Among the entries below, take the line with "Бита MILWAUKEE, PH3, 25мм, (25 шт)" and the line with "Female Summer Medium", and output them and every line between them exactly, with nothing else.

■ PROVIDED INFORMATION:
= = = =

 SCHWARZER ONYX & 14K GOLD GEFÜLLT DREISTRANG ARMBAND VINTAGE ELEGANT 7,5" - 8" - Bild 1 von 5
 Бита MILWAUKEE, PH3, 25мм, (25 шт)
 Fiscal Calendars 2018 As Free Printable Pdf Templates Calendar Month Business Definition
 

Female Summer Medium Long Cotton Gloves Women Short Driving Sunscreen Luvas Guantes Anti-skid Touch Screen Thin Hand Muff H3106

= = = =

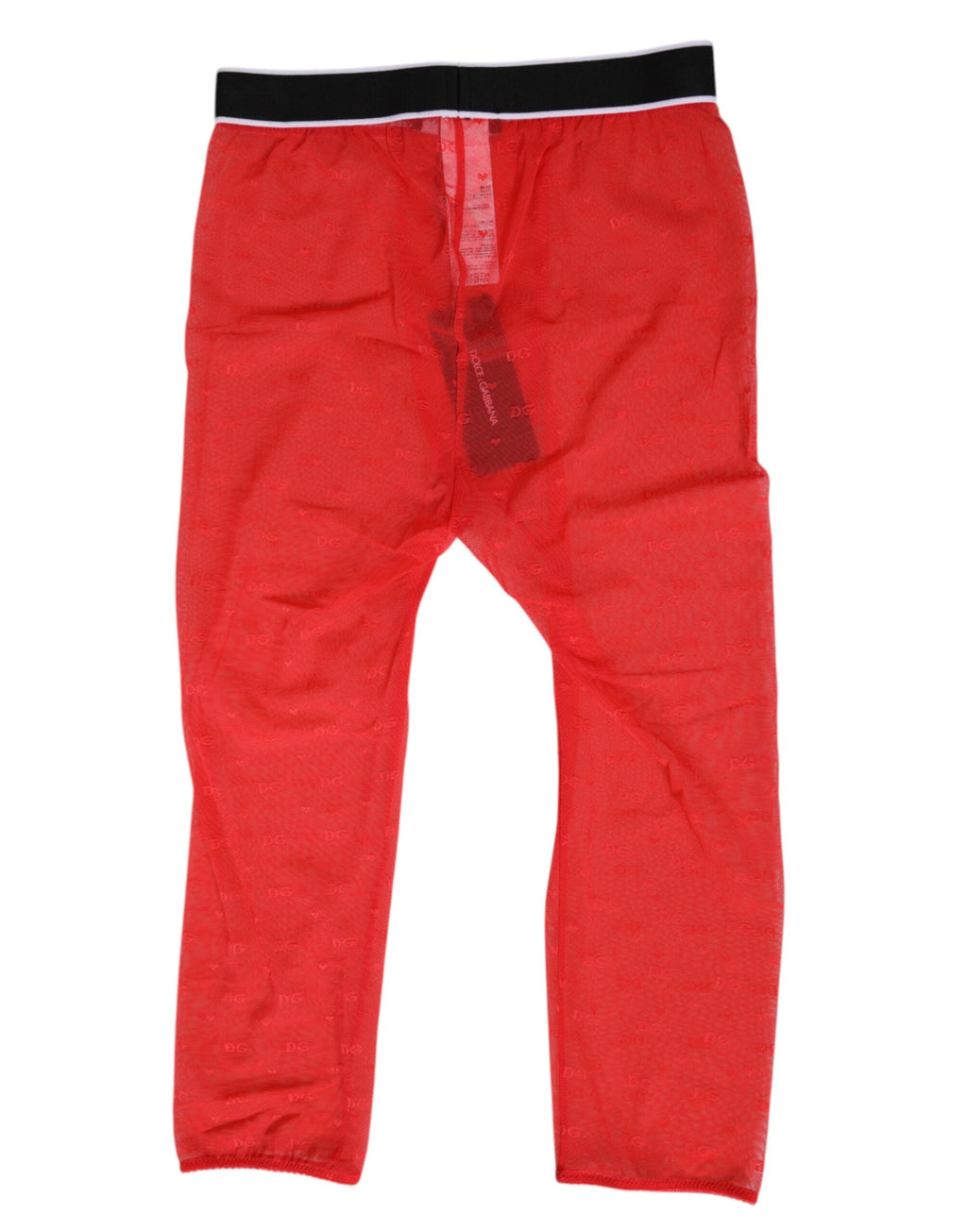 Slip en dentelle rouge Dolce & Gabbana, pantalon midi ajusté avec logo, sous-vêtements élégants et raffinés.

= = = =

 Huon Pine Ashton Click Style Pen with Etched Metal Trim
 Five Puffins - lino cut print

= = = =

■ PROBLEM SOLUTION:
 Бита MILWAUKEE, PH3, 25мм, (25 шт)
 Fiscal Calendars 2018 As Free Printable Pdf Templates Calendar Month Business Definition
 

Female Summer Medium Long Cotton Gloves Women Short Driving Sunscreen Luvas Guantes Anti-skid Touch Screen Thin Hand Muff H3106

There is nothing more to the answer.